I know the amount of time I spent with my kids when they were growing up was way more than the time I spent with my own parents. This is not a slam on my parents — the world changed. Below is some data from The Economist showing that parents are now spending twice as much time with kids now than they did 50 years ago. Of course, between 1965 and today there have been countless changes, adaptions and differences throughout society. Most notably is technological growth. But, a frequently overlooked aspect is the differences within family relationships and interactions. Children are being handed more and given more attention. How do we know we have the relationship with our kids we want? How do we set goals for a great relationship with each child? Here is one idea: Track your time with them.
So the time commitment has increased — what does this mean to me?

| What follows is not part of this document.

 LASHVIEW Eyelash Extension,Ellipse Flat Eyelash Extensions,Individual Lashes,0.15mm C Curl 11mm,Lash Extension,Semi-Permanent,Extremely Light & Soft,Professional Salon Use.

– Time is for experiences. Create more experiences. Do more. I still visit my kids every 90 days or less.
– Time is for teaching. Teach your family history, your family values, your goals. When my kids were young, I created a Coppola family presentation that was all about who we were as a family. You get to teach your kids who you and your family are…do it.
– Time for connecting. Be with them. Develop the relationship you want. This should bring you joy (especially when you have great adult kids—a lot less work). Jesse Itzler says “Be where your feet are.”
Here is one cool tip: I have been giving my Advanced Goal Setting talk quite a bit in the past six months. One of my “secrets” I coach during my presentation is how much I track my goals (because we all know setting goals and making sure they have a specific outcome is paramount—right?). This secret applies to time spent with my kids, which I track every month.
Rule #1 from my book The Fantastic Life: Know Your Story
Cultivating a strong relationship with your kids means sharing your story with them — because your story is theirs too. Take the time to communicate this to your children, and watch them grow their own story. It’s one of the best parts about being a parent.
Parents now spend twice as much time with their children as 50 years ago
Except in France
PARENTS these days spend a lot more time with their offspring, or at least middle-class parents do. One analysis of 11 rich countries estimates that the average mother spent 54 minutes a day caring for children in 1965 but 104 minutes in 2012. Men do less than women, but far more than men in the past: their child-caring time has jumped from 16 minutes a day to 59.
At the same time a gap has opened between working-class and middle-class parents. In 1965, mothers with and without a university education spent about the same amount of time on child care. By 2012, the more educated ones were spending half an hour more per day. The exception is France, where the stereotype of a bourgeois couple sipping wine and ignoring their remarkably well-behaved progeny appears to be accurate.